Like the other day in the car. I decided to help him memorize some multiplication facts with little hints on how to get the answer. For example, 9x9 is like 9+9 only in reverse, and 5x5 is a quarter. It's not conventional, but it seems to be working. Soon he won't even need to remember my hints, he will just know the answer off the top of his head and I cannot wait for that day to get here.

He really is a smart kid, he just likes to push my buttons and he is a procrastinator like his mama. There are days that I just cannot handle him. He likes to rush through his work and get it all wrong because he either didn't read the directions or didn't stop to think long enough because he thinks the faster he does it, the faster he will be done. He is learning quickly that doing it right the first time will get him done faster and after a little incident with compound subjects and predicates this morning, he dove right into his math without me having to remind him.

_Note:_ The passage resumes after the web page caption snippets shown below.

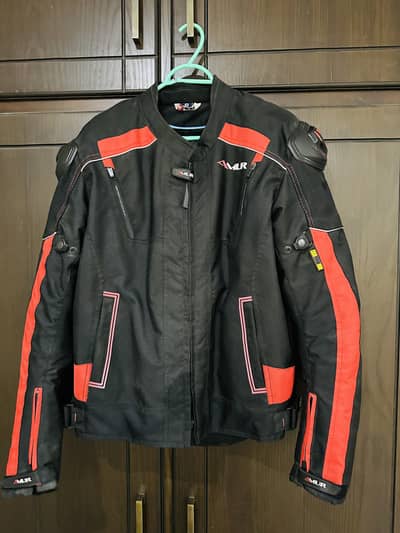 Amur motorcycle jacket with safety padding almost new
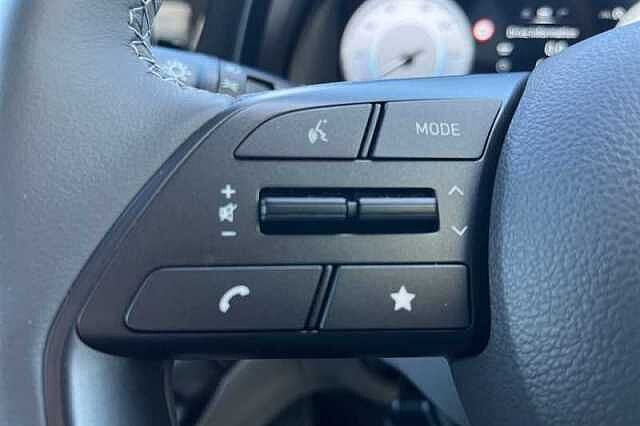 Hyundai BAYON 1.0 T-GDi Tech Line SUV 5dr Petrol Manual Euro 6 (s/s) (90 ps)
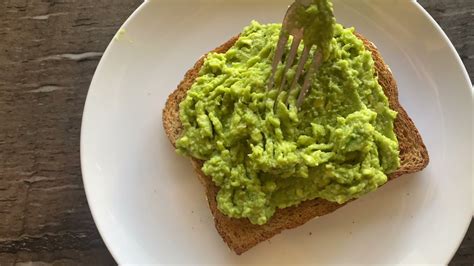 Earnest Eats Smashed Avocado Naked Smash Tutorial Youtube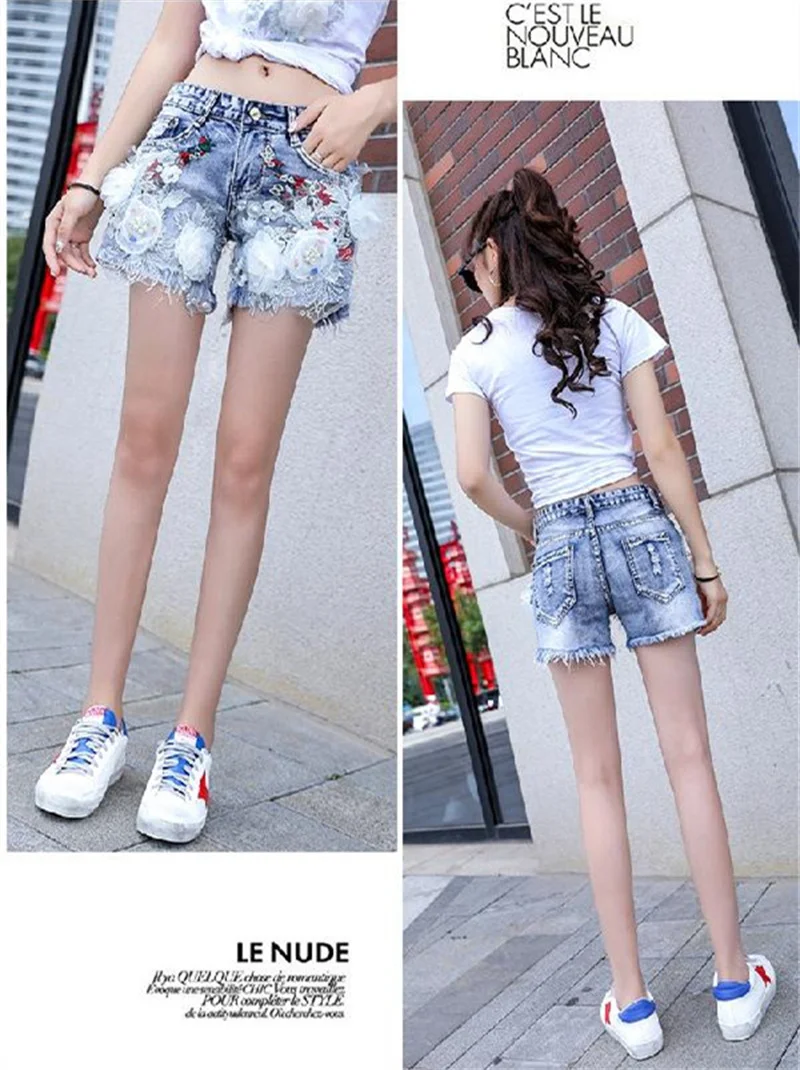 Fashion New Women's Spliced 3D Embroidery Flower A-line Denim Shorts 2025 Summer Trendy A-line Short Pants Female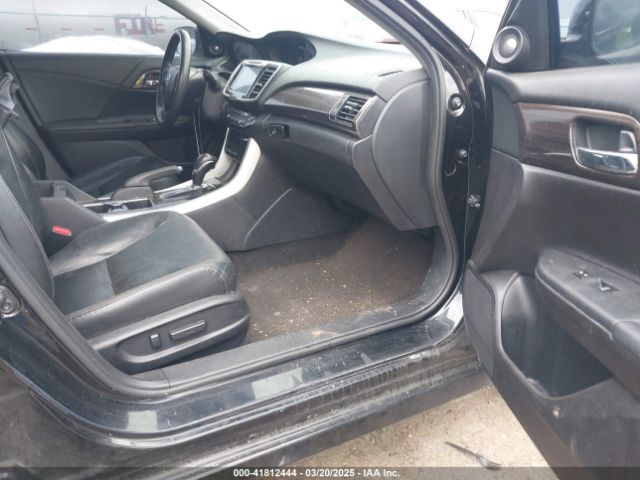 1HGCR3F94GA021952 Honda Accord Touring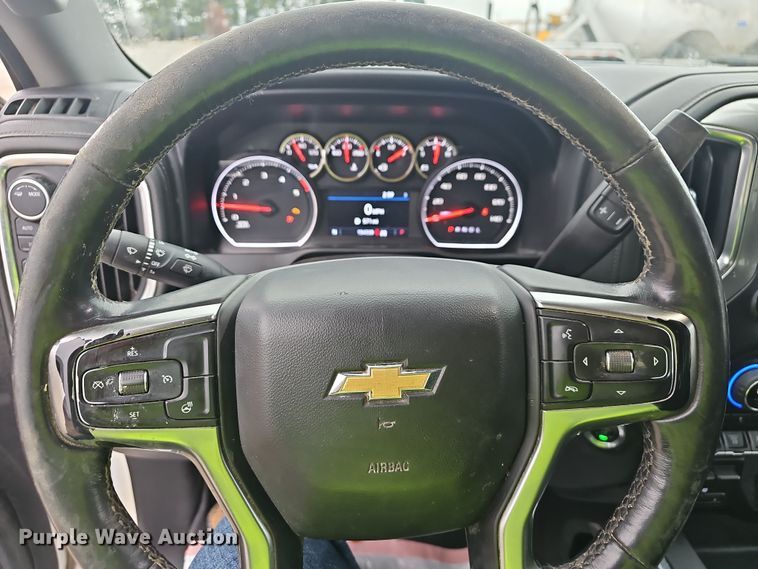 image for item NP9256 2020 Chevrolet Silverado 2500HD  Crew Cab pickup truck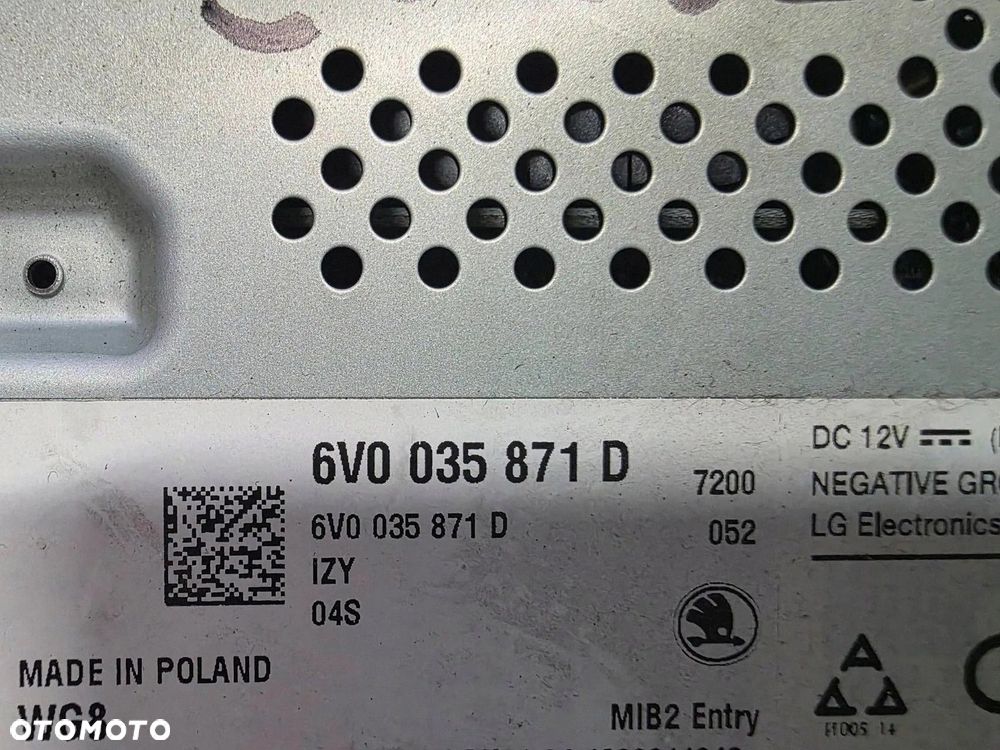 RADIO WYŚWIETLACZ EKRAN SKODA FABIA III MK3 OE 6V0035871D - 5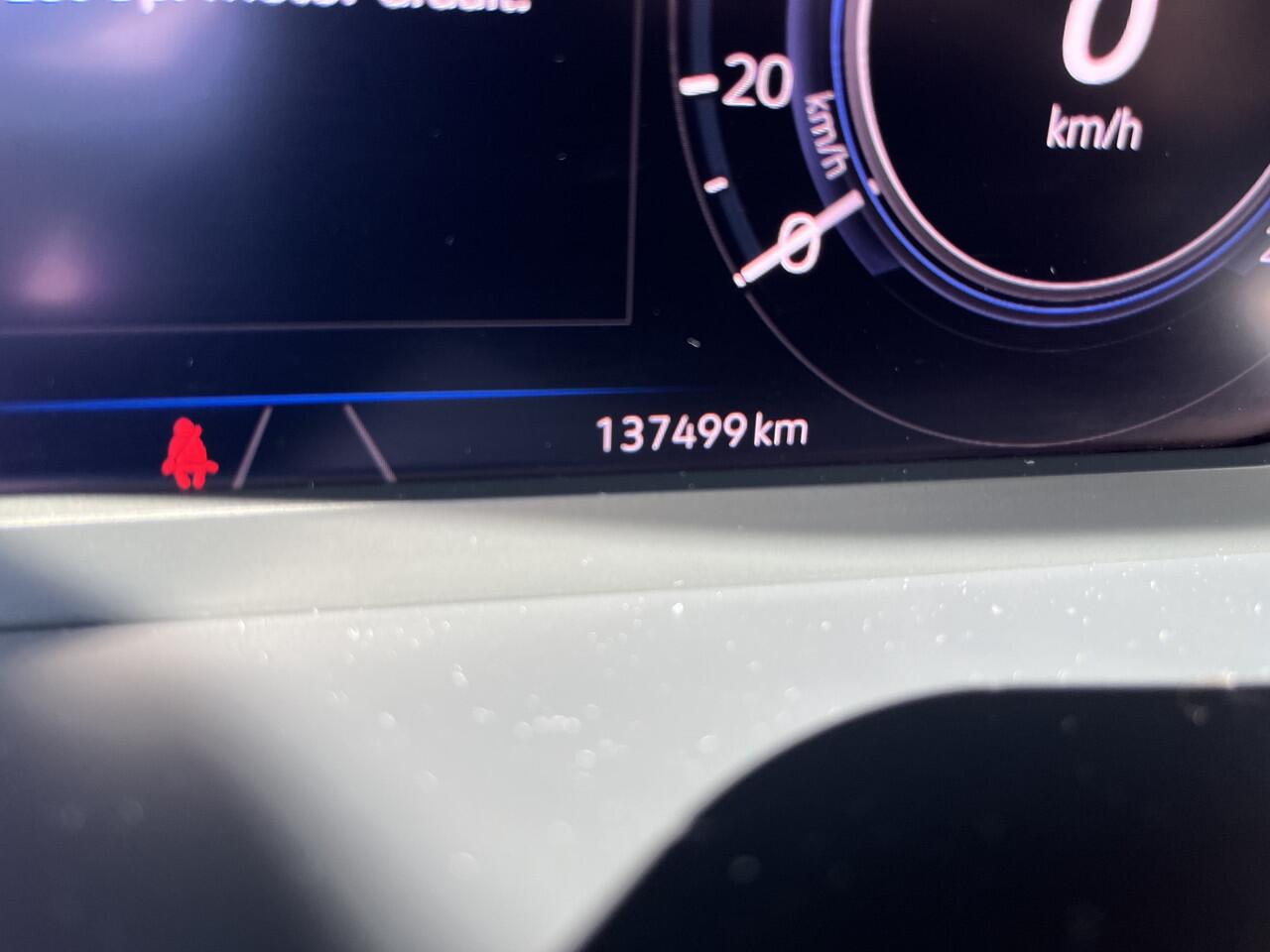 Volkswagen TIGUAN 1.4 TSI eHybrid 2X R-Line / AUTOMAAT/ 245 PK/ APP-CONNECT/ STUUR+STOEL VERWARM./ ELEK. ACHTERKLEP/ PARK.SENSOR.V+A/ ACC/ DIGITAL DASH/ DODE HOEK/ KEYLESS/ NAVI/ DAB/ CLIMA/ LED/ ISOFIX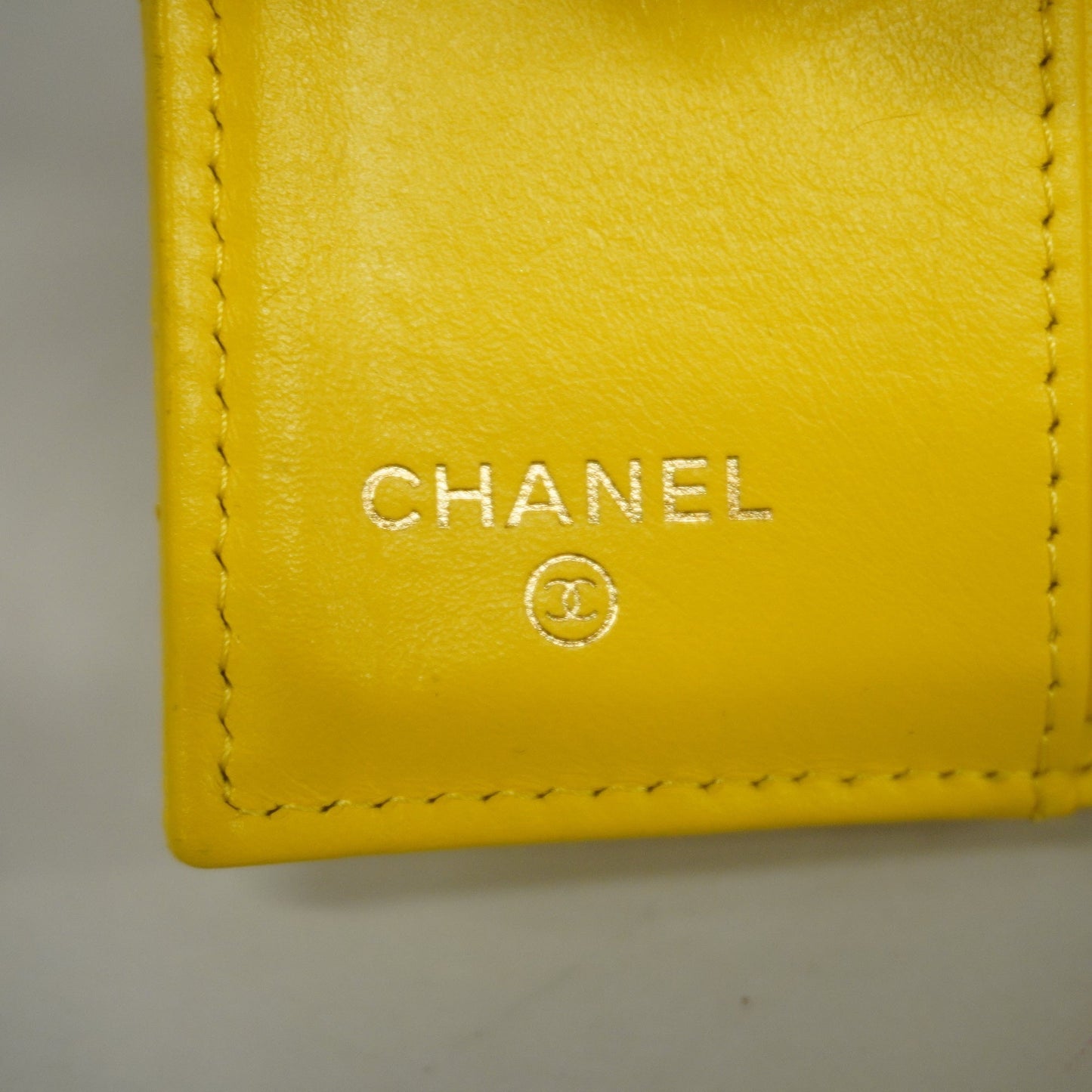 ChanelAuth Matelasse Tri-fold Wallet Gold Metal Fittings Women's Caviar Leather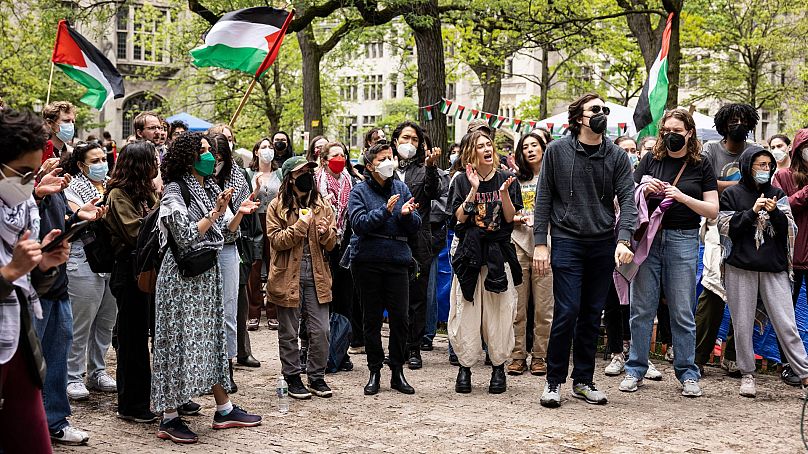 دانشجویان طرفدار مردم غزه در دانشگاه شیکاگو با ماسک و چفیه به تاریخ ۳ مه ۲۰۲۴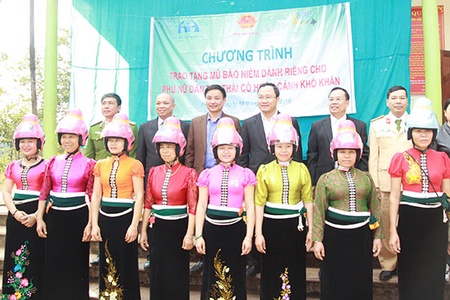 Ủy Ban ATGT Quốc gia: Trao tặng mũ bảo hiểm cho phụ nữ dân tộc Thái có hoàn cảnh khó khăn
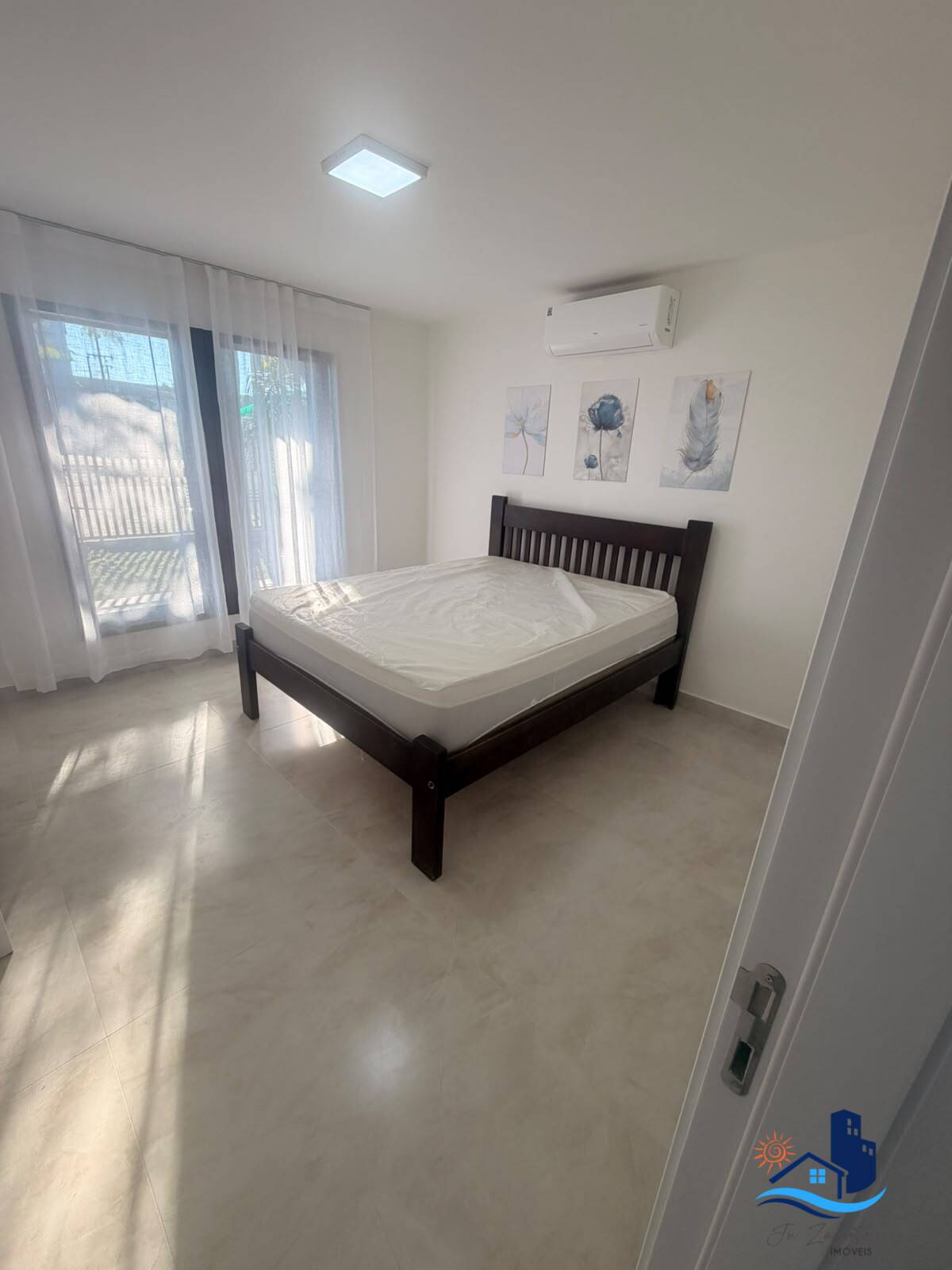 Casa, 3 quartos, 240 m² - Foto 13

Speaking of grammar, he has flown through that workbook. He only has a couple more subjects to learn from it and then I will have to figure out a test for him to take based on the material. I think once we cover everything in the workbook I am going to focus on his writing skills. He doesn't particularly care for his writing prompts but you can definitely see an improvement with his grammar within his writing. It will be a good way to keep up on grammar daily and to help him with his writing.

On the flip side of writing, is reading, which we haven't been doing much of. We are a family of readers, for the most part, but we just can't fit it into our day as much as I would like. I was just browsing Amazon earlier today for more workbooks and I found a reading comprehension workbook, along with a reading test workbook, that I think will be perfect for him. It keeps it short and sweet but he definitely picks up on the lessons he needs to be learning. I'm also considering diving into a bit of geography too which we can turn into research projects since he has been asking when he can do a project. It's not really my strong suit, but I've managed so far.

This homeschool thing is a lot more rewarding than I had anticipated. I was worried I wouldn't be able to teach him what he needed to learn but so far it seems to be going well. It is still early in our first year and he has yet to take the state assessment to see if he has learned anything from this homeschooling adventure but I am pretty confident that he will, at the very least, pass. I am nervous about the geometry portion which we have not started in our workbook yet, but thankfully I have the internet to help when I need it.

I plan to send him back to public school next year because, while I think they learn a good deal being homeschooled, I firmly believe in the public education system. There is something to be said for the social aspect. He needs to learn how to listen to a teacher that stands at the front of the room. He needs to learn how to sit still in a chair while someone else is talking. He needs to learn how to hold a conversation with his peers. He needs to learn how to take notes on a subject to be able to study later. There are things at school that he just won't get in the home setting. I know there are ways to teach them these things, all while being homeschooled, but I think the public education system is important for so many reasons. Not to mention, I don't know if I could continue doing this as he gets older. Already I feel like I don't have the chance to get anything done and I am back with a child at home 24/7. My youngest went off to school two years ago and it was so nice being able to get things done during the day because once the kids get home from school it's Grand Central Station. On top of needing that time to recoup and take care of my regular mom and wife duties, I don't think I could effectively teach what they need to know past an elementary level. Some days third grade material gets me, like predicates... what the hell is a predicate?! LOL But I manage, and he learns, and while I am not the perfect teacher, I am a resourceful one and I continue to amaze myself with the things I am capable of doing.

It will be bittersweet when this adventure comes to an end, but being an Army wife, I know adventures have an expiration date. For this one, I am aiming for September. But also like the Army, nothing is for sure until it is actually happening.